Which are the other firsts?

This is the first RFP where we have specified a slab structure for investment management fee. In the earlier regime, it was a flat fee. We have now gone in for a graded slab structure (four slabs from 3 paise to 9 paise) so that the new entrants to this field will not find it difficult to build a corpus. This will help them achieve scale while meeting their early establishment expenses. From a previous regime fee level of 1 paisa for every ₹100 of pension funds managed, we are now proposing an average fee of 5 paisa per ₹100 of pension monies managed. This is a five-time increase. This effective fee of about 5 paise is the cheapest in the pension world and our pricing is the most competitive.

With increase in fee structure, we expect pension fund managers to profit while having funds for building infrastructure and support team. We have found a balance that will not be too heavy on the wallets of subscribers and, at the same time, support the pension fund managers too. When the fee was 1 paisa, new sponsors were not very keen to enter this space.

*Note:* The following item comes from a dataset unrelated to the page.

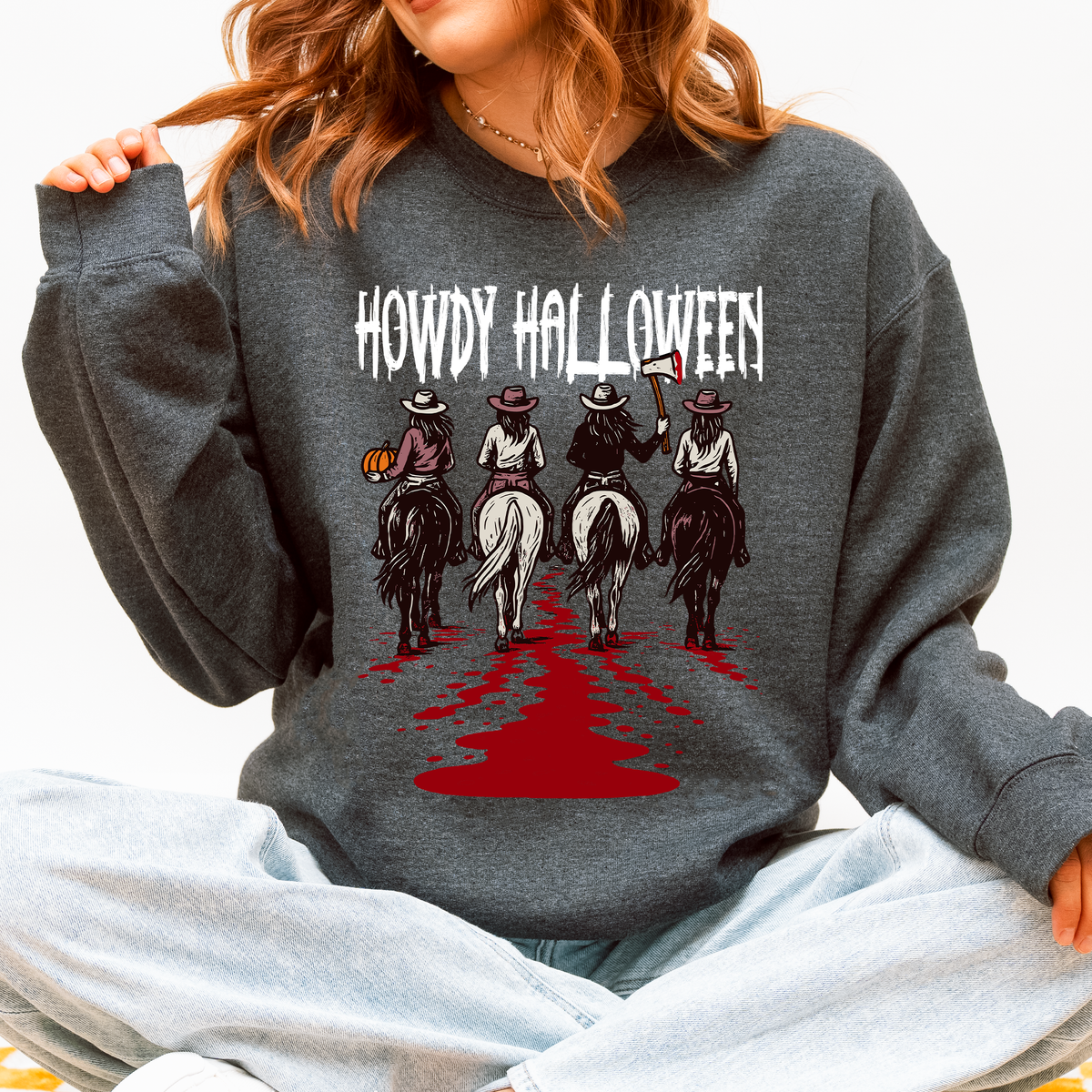 Howdy Halloween Cowgirls Western Spooky Vintage Inspired Parade Edition Sweatshirt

Any other significant change this time round?

Earlier, we had a control on the number of fund managers and specified it as 10. This time, any number of fund managers can come as long as they fulfil our criteria. Anybody with five years experience of fund management on debt and equity and monthly average AUM of ₹50,000 crore for the last 12 months can apply.

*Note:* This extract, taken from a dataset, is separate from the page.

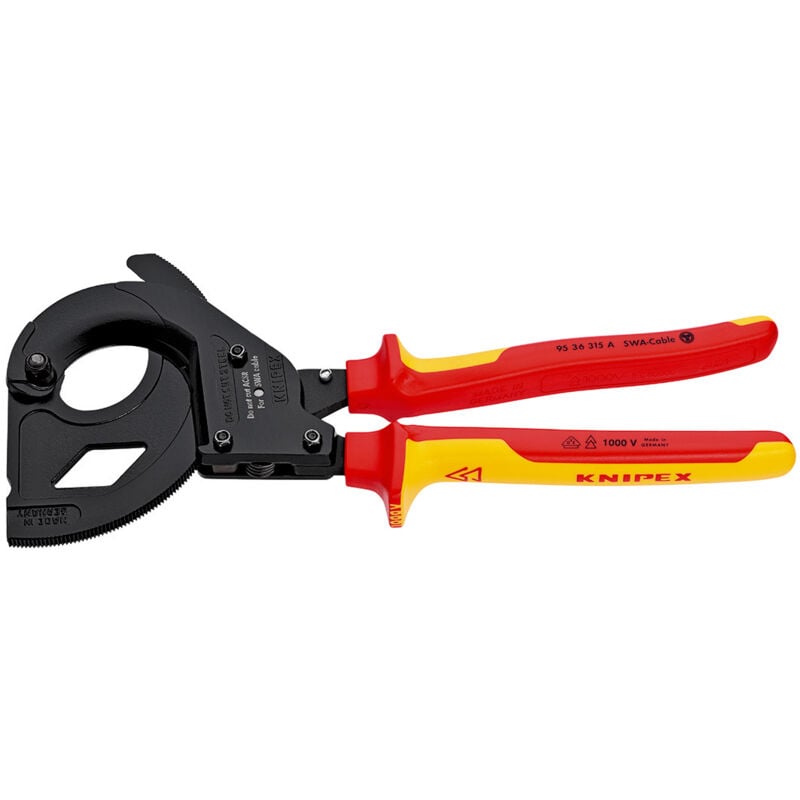 foto del prodotto knipex - 95 36 315 a cesoia a cremagliera (sistema a cricchetto) per cavo a nastro d'acciaio (cavo swa) isolati con manici rivestiti in materiale bicomponente, collaudati vde verniciata nera 315 mm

We see strong interest already and, by January 22 (last date for submitting applicants); expect at least 15-16 serious applicants. The other significant decision we have taken is that licenses will be granted for perpetuity. Last time, we had allowed licence term of only five years or until a new RFP is issued. The new licence will have to be renewed every year. We have also this time round not stipulated that other bidders should match the fee proposed by the bidder with the least quote. There is no such compulsion this time.

Where do you see pension assets growing this fiscal and in the next decade?

We are on course to achieve assets under management of close to ₹6-lakh crore by end March this fiscal. This is going by the growth seen in the first nine months this fiscal. We had started the fiscal with AUM of ₹4.17-lakh crore and already touched ₹5.5-lakh crore by end December 2020. We have been growing at 35 oer cent CAGR and by this trend achieve AUM of ₹30-lakh crore by 2030.